[Provided data]
•••••
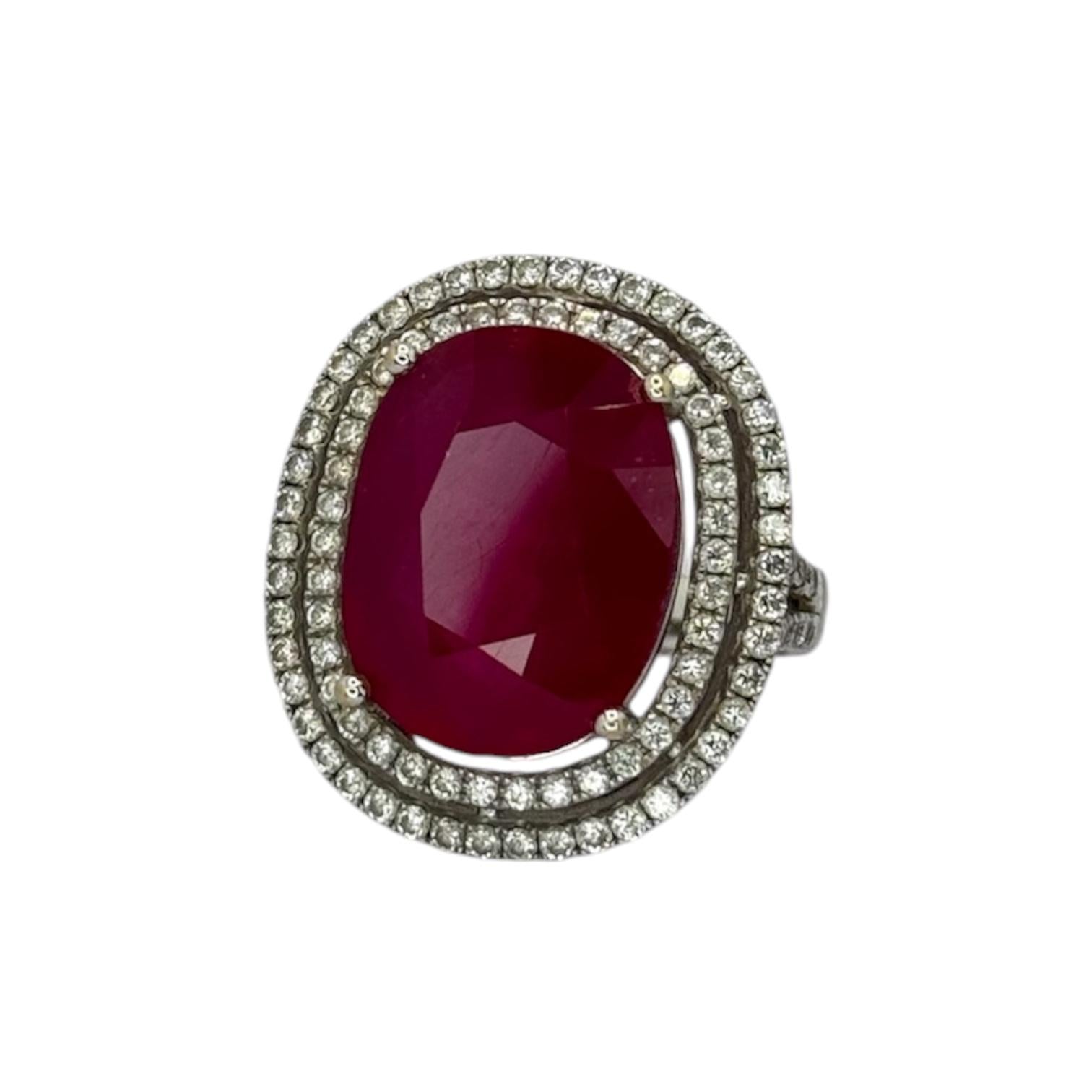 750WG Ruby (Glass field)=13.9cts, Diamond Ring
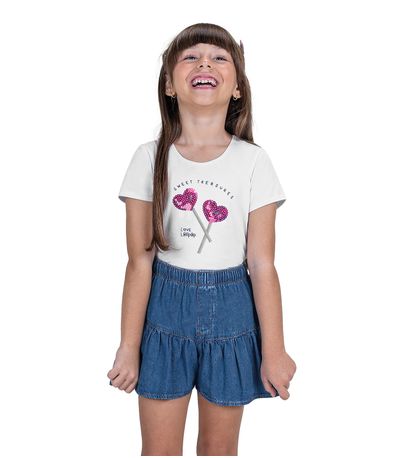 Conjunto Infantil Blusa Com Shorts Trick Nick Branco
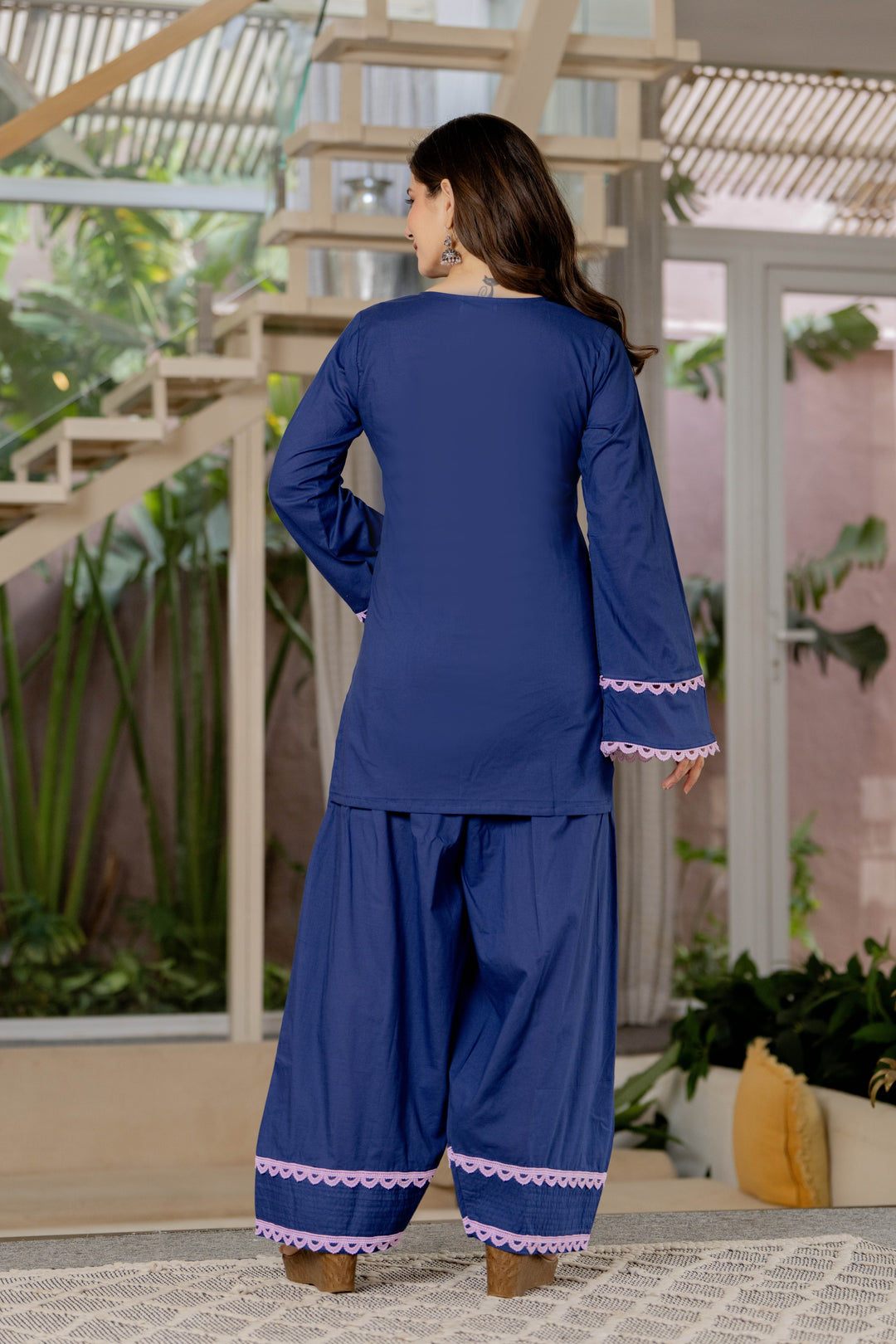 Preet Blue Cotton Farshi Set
•••••
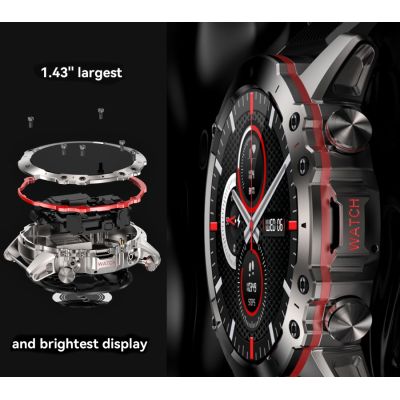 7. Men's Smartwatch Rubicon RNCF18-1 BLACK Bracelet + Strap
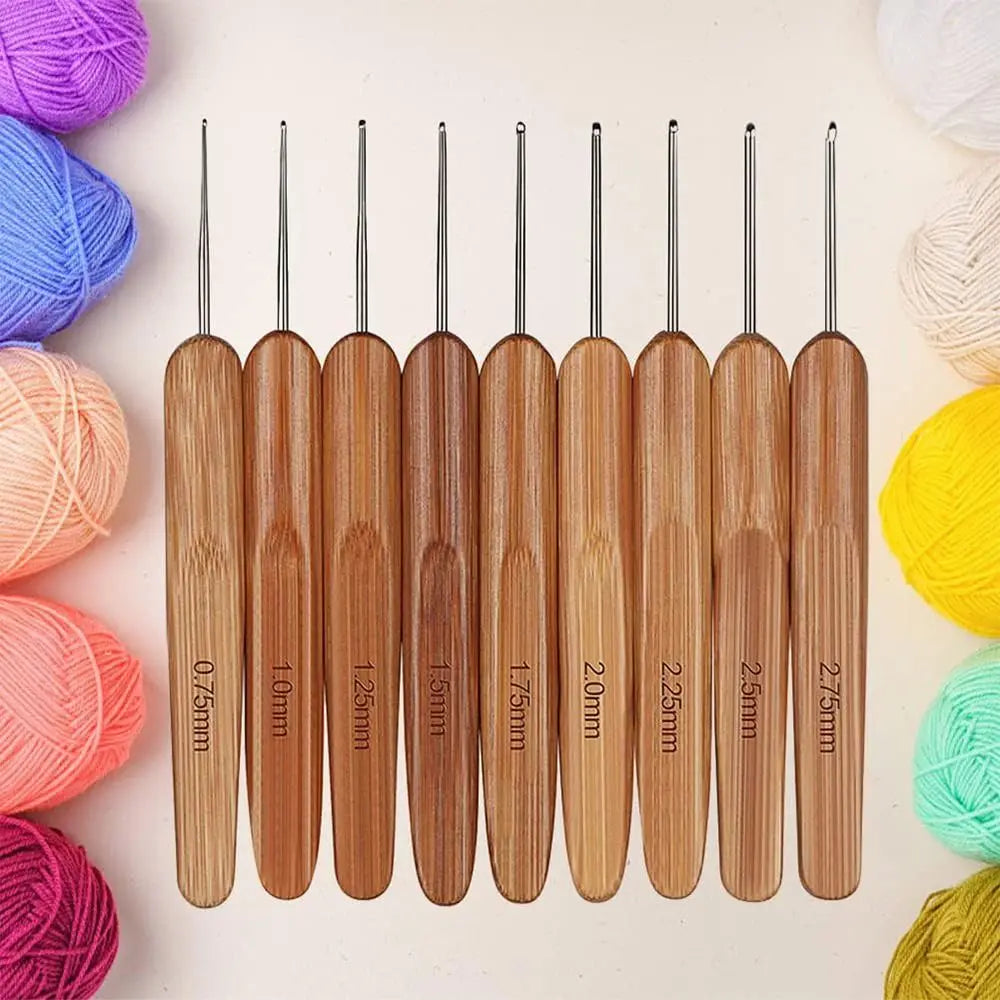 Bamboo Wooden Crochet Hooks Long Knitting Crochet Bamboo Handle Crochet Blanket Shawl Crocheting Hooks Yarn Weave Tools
•••••
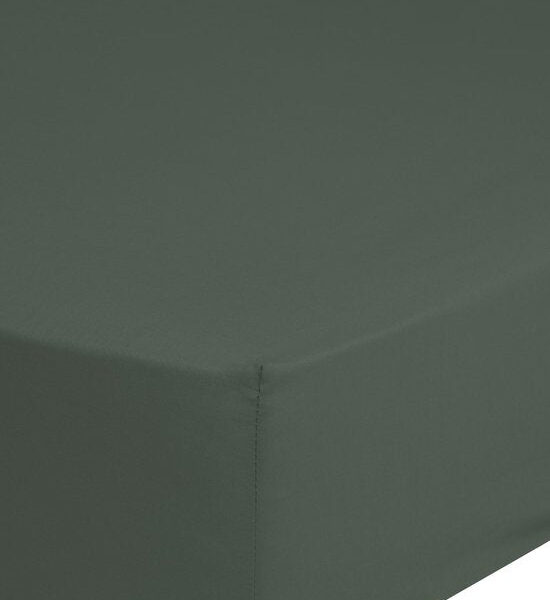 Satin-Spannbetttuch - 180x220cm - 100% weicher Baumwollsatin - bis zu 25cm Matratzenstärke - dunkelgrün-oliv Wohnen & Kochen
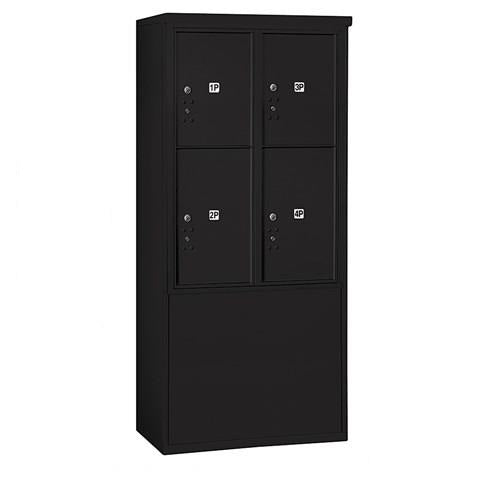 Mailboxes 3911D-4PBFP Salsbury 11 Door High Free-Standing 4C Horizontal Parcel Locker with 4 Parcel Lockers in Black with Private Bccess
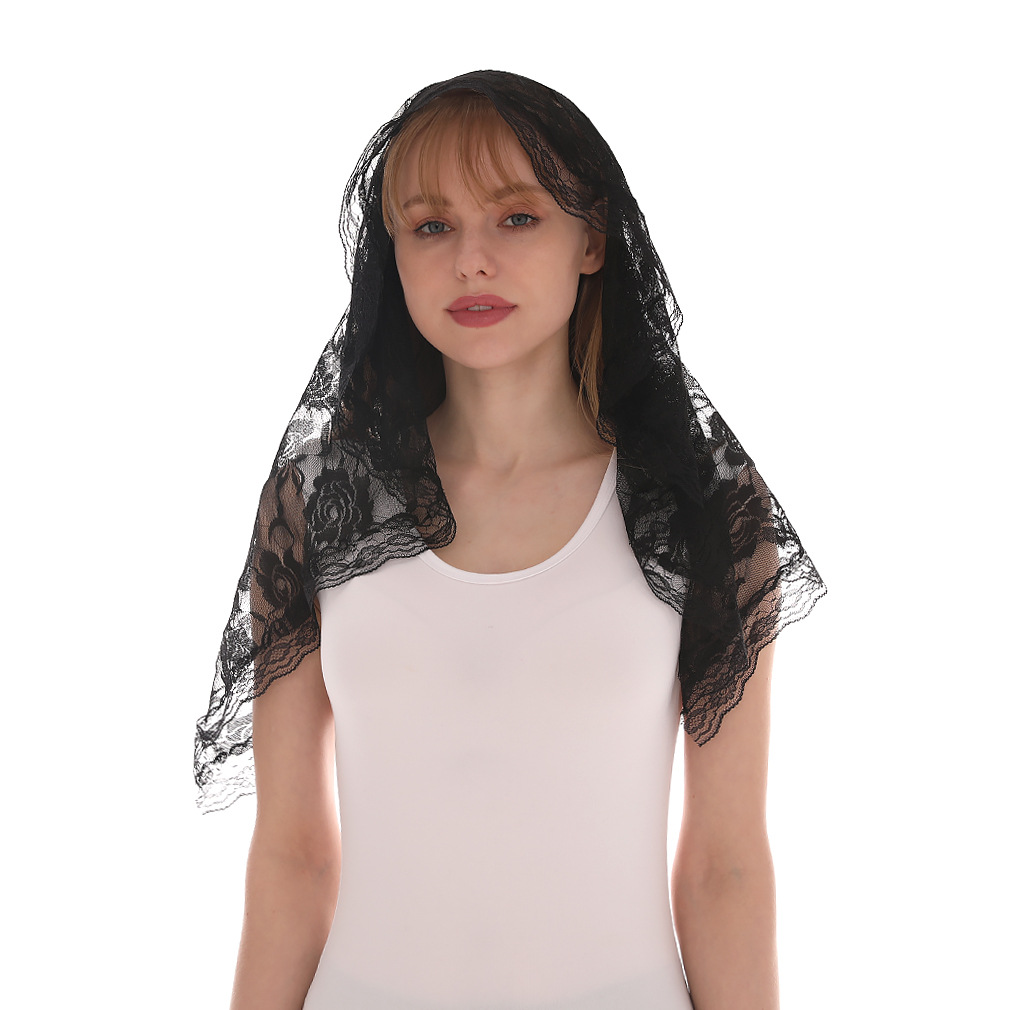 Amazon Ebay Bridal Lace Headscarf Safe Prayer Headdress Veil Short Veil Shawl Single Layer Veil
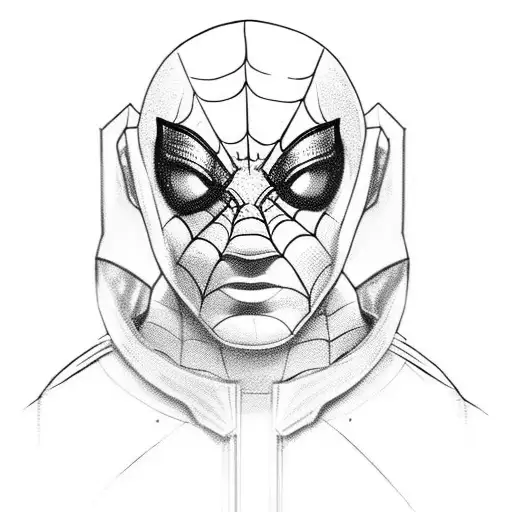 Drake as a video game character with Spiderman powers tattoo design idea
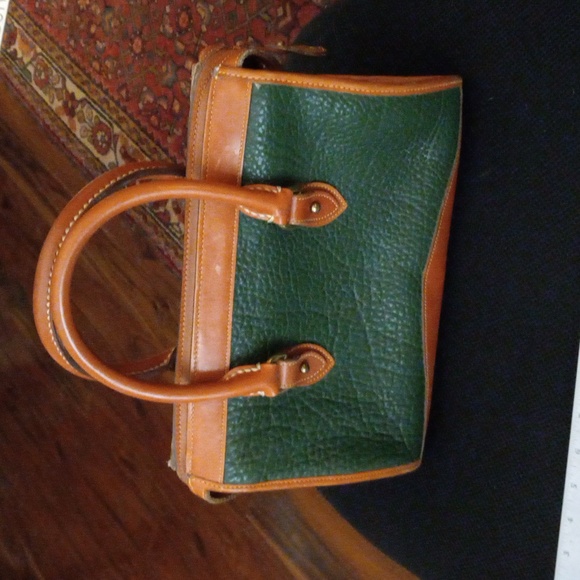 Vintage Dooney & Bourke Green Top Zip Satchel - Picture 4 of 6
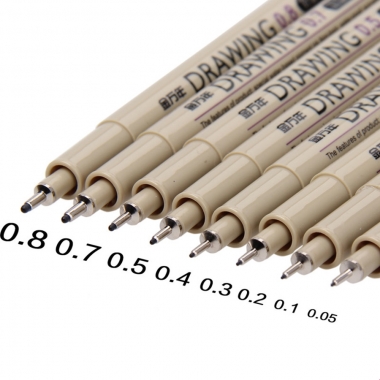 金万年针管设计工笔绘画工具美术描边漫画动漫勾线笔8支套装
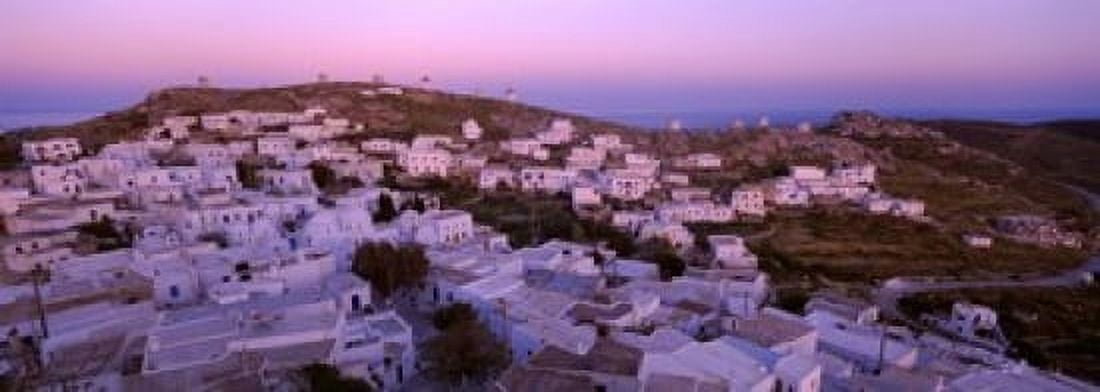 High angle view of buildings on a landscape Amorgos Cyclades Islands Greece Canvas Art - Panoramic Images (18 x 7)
•••••
Beginning with the line holding "Conjunto Infantil Blusa" in the material above, restate word for word each line through the line holding "Preet Blue Cotton Farshi Set", and exclude pictures.

[Problem solution]
 Conjunto Infantil Blusa Com Shorts Trick Nick Branco
 Preet Blue Cotton Farshi Set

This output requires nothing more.